The same dynamics play out in software supply chain security, where insufficient preparation is often masked by overconfidence. Lineaje recently conducted a survey at RSA Conference 2025 that exposes the gap between confidence and actual readiness against today’s top threats.

The research revealed that 32% of security professionals think they can deliver zero-vulnerability software despite rising cyberattacks and compliance regulations. While 68% are more realistic, noting they feel uncertain about achieving this near-impossible outcome, it’s clear there are blind spots in organizations’ software supply chain defenses.

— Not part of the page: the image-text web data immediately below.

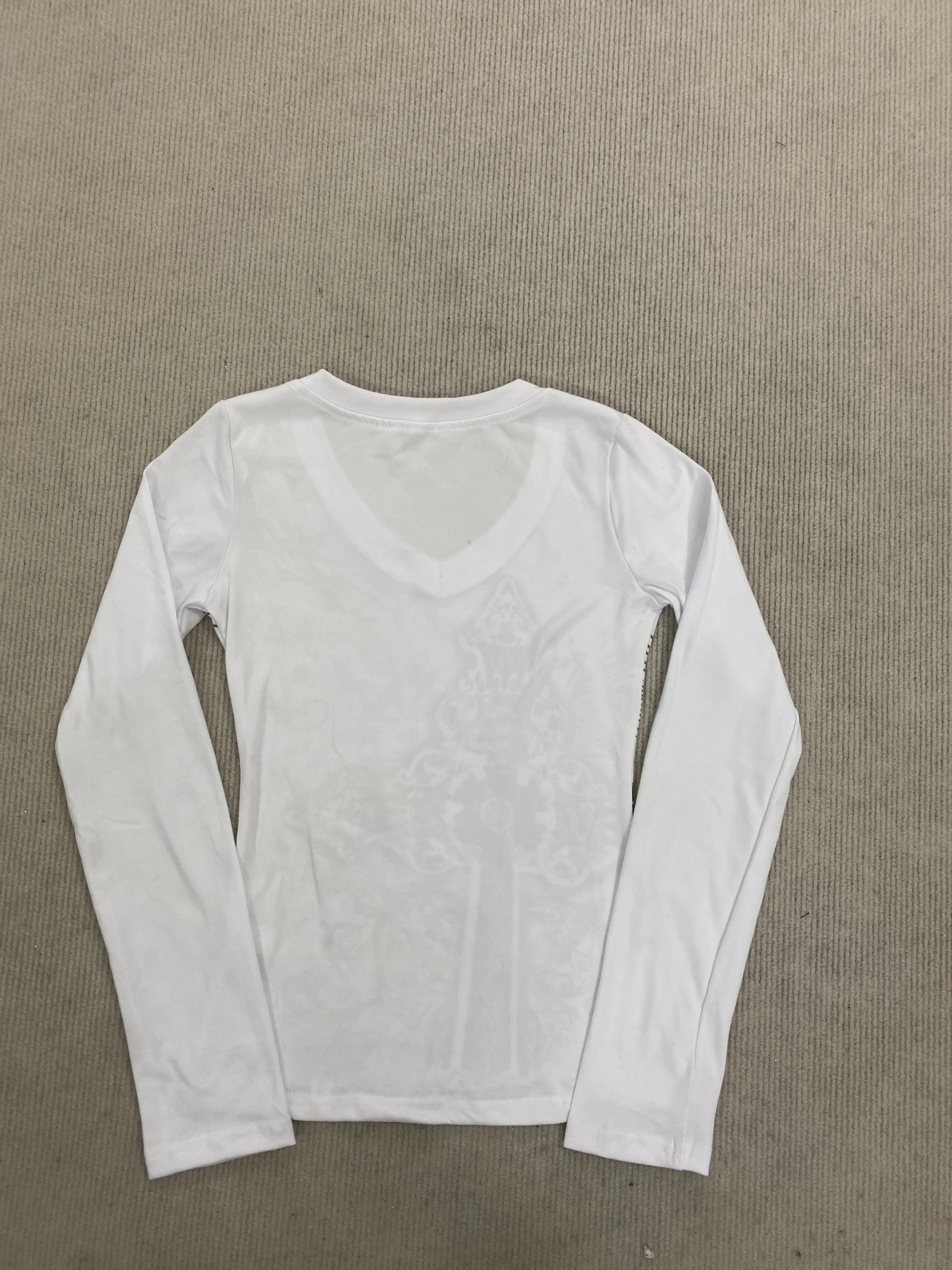 Gothic Retro Y2K Damen-T-Shirt mit Rundhalsausschnitt und langen Ärmeln, dunkler High-Street-Spice-Girl-Stil, tailliert, Herbstmode – Detail 12
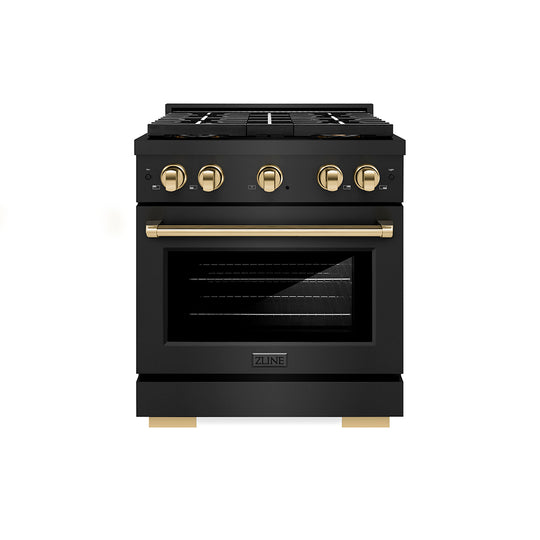 ZLINE Autograph Edition 30 in. 4.2 cu. ft. Paramount Gas Range with 4 Burner DuoPro™ Cooktop and Convection Gas Oven in Black Stainless Steel and Polished Gold Accents (PSGRBZ-30-G)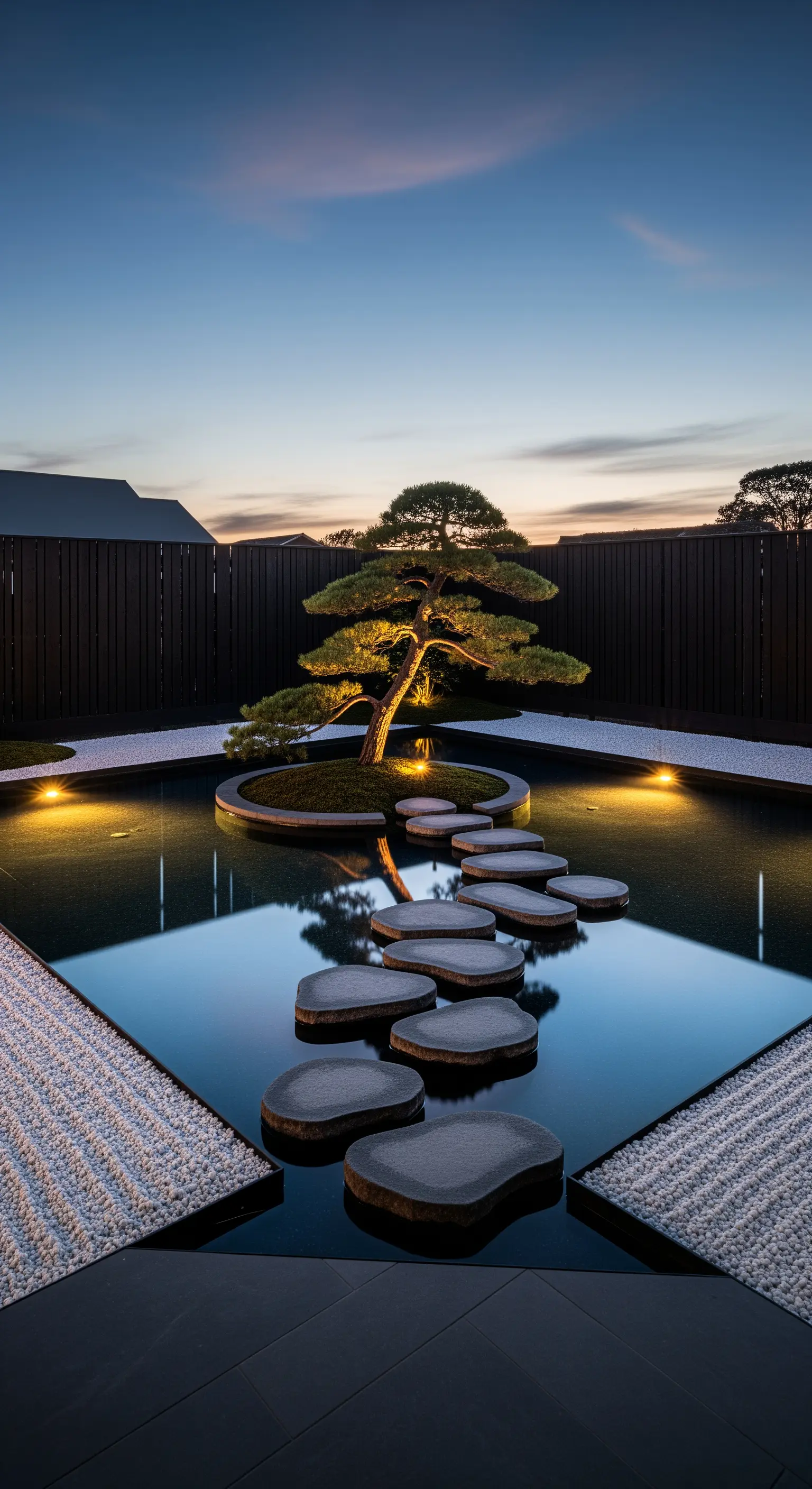 Beleuchteter Teich, Schrittsteine, Bonsai, Abendstimmung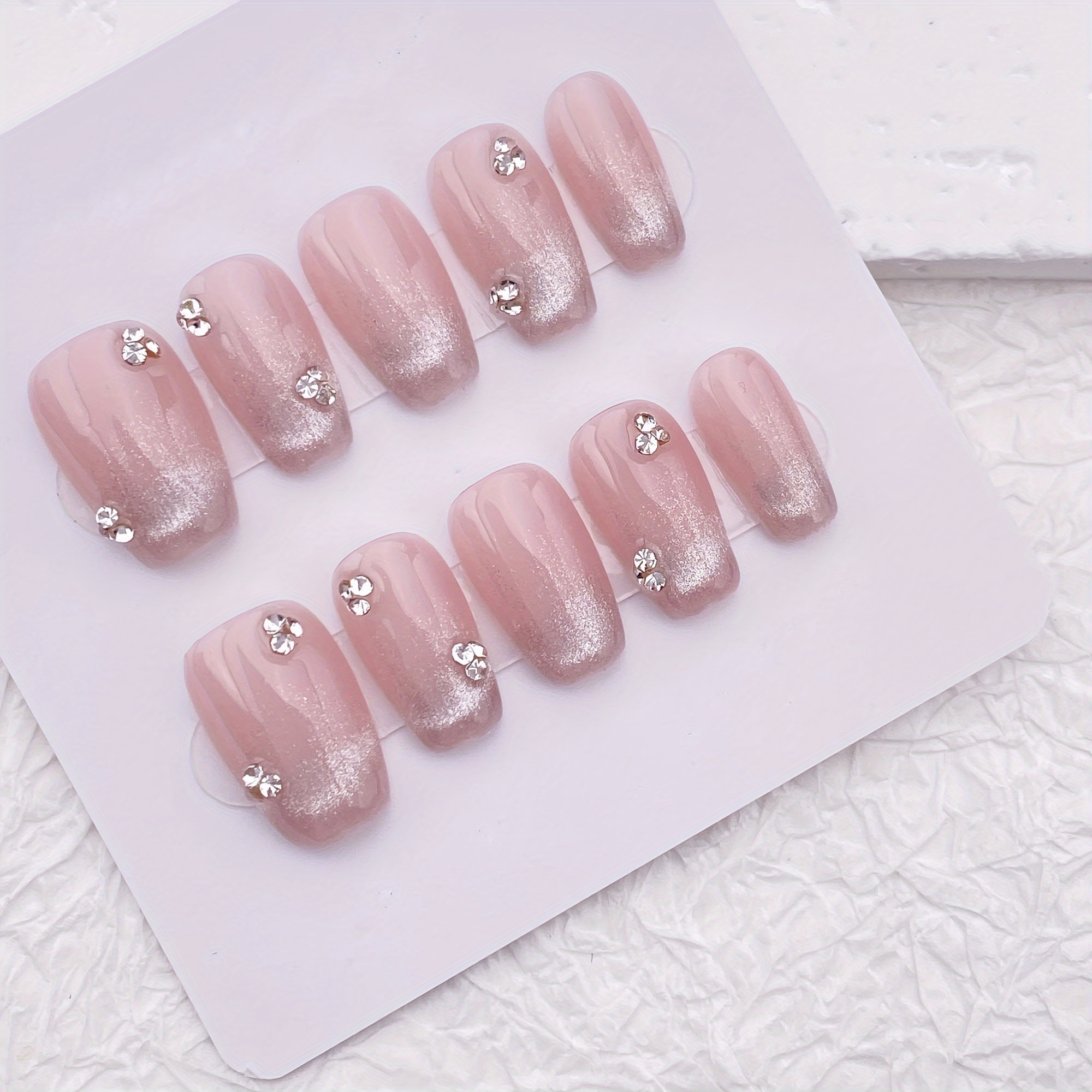 10pcs Handmade Press On Nails, - Nail Art Gliter reseña y precio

Here are some of the other key findings:

SBOM Compliance Stalls Even as Mandates Increase 

In the past several years, global software bill of materials (SBOM) guidelines like U.S. Office of Management and Budget (OMB) Memo M-22-18, Executive Order 14028, and the EU Cyber Resilience Act have focused organizations to address software supply chain governance concerns. Yet, some organizations are lagging in their level of adoption. The Lineaje survey found that almost half (48%) of security professionals are behind on complying to SBOM regulations. The lack of adherence exposes organizations to significant fines, potential data breaches, and hurts customer prospects. Only a little more than half (53%) have even started SBOM integration or are presently evaluating solutions or practices, despite financial and legal penalties for not following.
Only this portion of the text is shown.